Photographing Americans in Their Bedrooms

Barbara Peacock

Photos by Barbara Peacock

Text by Maria Dias 


You can learn a lot from someone's bedroom. Just ask the woman who photographs them. 

"[These are] whole stories in a single poignant moment," said photographer Barbara Peacock, of her project, "American Bedroom," documenting her subjects' most intimate spaces. "'American Bedroom' is a cultural study and an anthropological dig to get the clues of exactly who we are as individuals and as a nation, all told within the frame of a dwelling.

"I want to convey that within this careful and respectful glimpse of another’s life there lies a curiosity that we have about each other and the way we live our lives, no matter how disparate."

Barbara peacock
"My Mom says I should give some of my dolls away." 

The idea came to her one early morning, naturally, on her way back into bed. 

"I stopped in my tracks and had to giggle," she said. "My husband was sprawled out on the bed with his elaborate snore mask, his bare middle-aged belly, polka dotted underwear and black socks, left on from the evening's night out. I stood there a moment and imagined how I might appear next to him, with my eye mask, tank top and signature funky socks. I chuckled, and as I got back into bed I started thinking about people in their private dwellings and what can be said about us, as a people, in a single frame."

'"There are days I don't leave my room." 

So Barbara, whose editorial work has appeared in such publications as People and Newsweek, got to work.
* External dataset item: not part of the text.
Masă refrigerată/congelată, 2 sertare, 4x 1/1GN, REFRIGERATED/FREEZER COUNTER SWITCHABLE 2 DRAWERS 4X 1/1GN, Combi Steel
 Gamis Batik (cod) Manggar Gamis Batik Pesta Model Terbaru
Some of her subjects are people she knows, and by extension, their families or friends, she said. But she also has found subjects through social media or through leaving behind a small postcard in diners or coffee shops. 

"We have been off the grid for 20 years." 

Once she has found her subject, her approach combines the art of photography and painting, she said. Each room and subject have a degree of the unknown, and in many cases, she is meeting the subject and seeing the room for the first time when she makes the photograph. 

"It is important for the authenticity of the project that I show the true nature of my subject," Peacock said. "Each scenario presents opportunities to get to the core of the individual." 

"I am so quite in the morning when I wake up so I don't disturb her, then I remember, she is gone."

If there are items in their room that are telling and could be useful in the frame, she moves them in. If the subjects clothing or removal of clothing shows their character more, they discuss this and make those changes. 

"I continue to help with the placement and gesture of their bodies for the best composition, and to utilize the existing quality of light," she said. "From that point, I await for that magical moment. In one case it was a cat that suddenly jumped up on the bed; in another case, I waited an hour saying nothing while a family moved about their bed until a strong moment appeared. In another case, it could simply be the tilt of a head, or the look in the eyes. Once everything is set I try to be a fly on the wall and wait for a poignant moment."

"I live in New Hampshire where the motto is 'Live Free or Die. That's pretty much it." 

Peacock, who is a 2017 Getty Images Editorial Grant recipient, plans to use the funding to continue her project across the United States.

"I am very interested in meeting all types of people, and I enjoy the conversations that ensue and the aura of energy that is created," she said. "Most often it is after the shoot that the most is revealed, so I am learning to take the time. I am learning that there are a lot of lonely people... [and] that people have stories they want to share, if someone will listen. I am learning that people are fragile and conversely very strong. 

"I am learning that being photographed can be an important moment in someone’s life. I am learning to listen."